Es ist ein in jeder Hinsicht bedrückender Zustand. Nicht weniger bedrückend ist die Tatsache, dass unsere Ratlosigkeit ebenso wenig helfen wird wie die fast sieben Meter hohe Mauer, die zwischen der spanischen Enklave Ceuta und dem marokkanischen Staatsgebiet errichtet wurde, um die Geflüchteten zurückzuhalten. Was hätte ein medial wirksamer Autor von privilegierter Abstammung uns in dieser Sache mitzuteilen? Dr. Asfa-Wossen macht kein Hehl um eine in vielerlei Hinsicht beklagenswerte Wirklichkeit. Und dennoch verfällt sein Appell nicht in Larmoyanz und die beinahe schon zur Gewohnheit gewordene Bitte zu helfen.
Was seine Sicht der Dinge wesentlich von dem Aufruf zu caritativem Handeln unterscheidet, ist sein Wunsch, Afrika endlich ernst zu nehmen. Dem Kontinent sei nicht mit Almosen zu helfen, sondern durch Formen der gewinnorientierten Zusammenarbeit, die den Afrikanern eine Chance geben, ihre eigenen Fähigkeiten einzubringen. Ihm ist klar, dass dies nicht mit aufmunternden Worten zu leisten ist, sondern an Bedingungen an die Kooperationspartner geknüpft sein sollte. Wenn die Vertreter afrikanischer Staaten keine Garantie einer menschenwürdigen Behandlung der involvierten Personen geben wollten, so Dr. Asfa-Wossen, sei eine Zusammenarbeit abzulehnen. Dieser Weg, sagt er, werde von China beschritten, der Wirtschaftsmacht, die in Afrika zunehmend als Handelspartner an Boden gewinne. Dies sei der Fall, so der Vortragende, weil die Chinesen keine Bedingungen in puncto Menschenrechte stellen. Auf diese Weise sichere man sich die Rechte an für die technologische Entwicklung wichtigen Rohstoffen, helfe dem afrikanischen Kontinent aber immer noch nicht, um auf eigene Beine zu kommen.
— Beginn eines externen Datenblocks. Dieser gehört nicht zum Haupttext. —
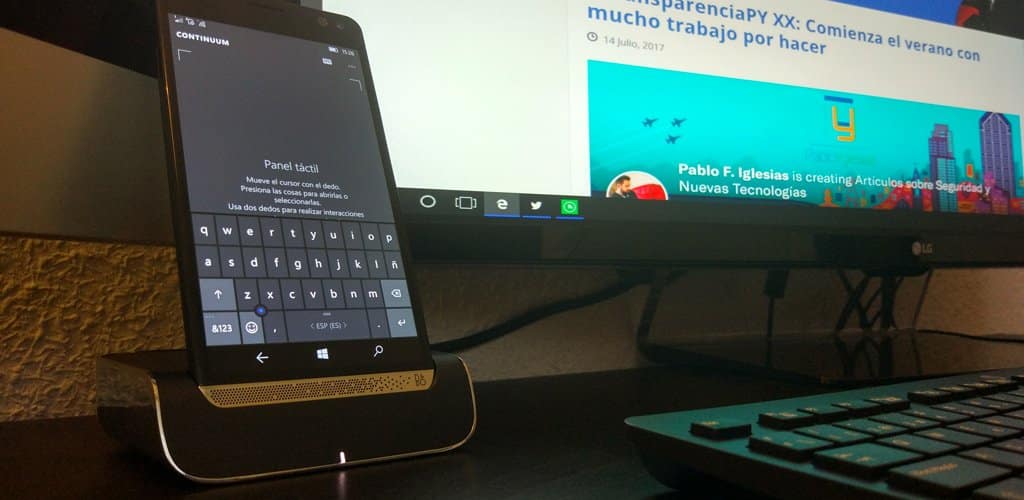 #EnProfundidad: ¿Es posible trabajar desde un smartphone? Windows 10 Mobile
Im Unterschied dazu läuft Dr. Asfa-Wossens Botschaft darauf hinaus, über veränderte Formen der wirtschaftlichen Kooperation gleichzeitig gutzuheißende Standards der Humanität einzuführen. Denn wenn die jungen Afrikaner diese erkannt hätten, gäbe es keinen Grund mehr, die Heimat zu verlassen. Nicht weniger wichtig wäre eine zweite Konsequenz, nämlich die, dass es langfristig vorteilhaft wäre, europäische Unternehmen als vertrauenswürdige Geschäftspartner zu gewinnen.
Im Anschluss an den Vortrag gestaltete sich eine lebhafte Fragerunde, bei der die Schülerinnen und Schüler der Oberstufe eine Vielzahl relevanter Fragen an den Gast richteten. Dr. Asfa-Wossen war nicht darum verlegen, ehrlich zu antworten – auch bei Fragen, die seine Person und seine Herkunft aus der äthiopischen Kaiserfamilie betrafen. Er machte in seinen Antworten deutlich, dass die Errungenschaft einer gelebten Demokratie in Verbindung mit sozialer Marktwirtschaft die tatsächlichen Privilegien darstellen, die es Menschen ermöglichen, ein gutes Leben zu führen, bei dem der Einzelne die Möglichkeit habe, sich in seiner Humanität zu verwirklichen, eben weil er sich in die Gesellschaft einbringe.
Dr. Asfa-Wossen Asserate stellte sich im Anschluss an seinen Vortrag den Fragen von Philip Hagenhoff, Anna Oppermann, Viktor Mohr und Matheo Fountain. Die Jugendlichen arbeiten an einem Podcast und einer Sendung für Radio Hanau über das Thema „Macht die Digitalisierung die Welt gerechter?“
Mit dieser an unsere vernünftige Einsicht wie auch an das Gefühl unserer Verantwortlichkeit gerichteten Botschaft fand eine kurzweilige Veranstaltung ihren Ausklang.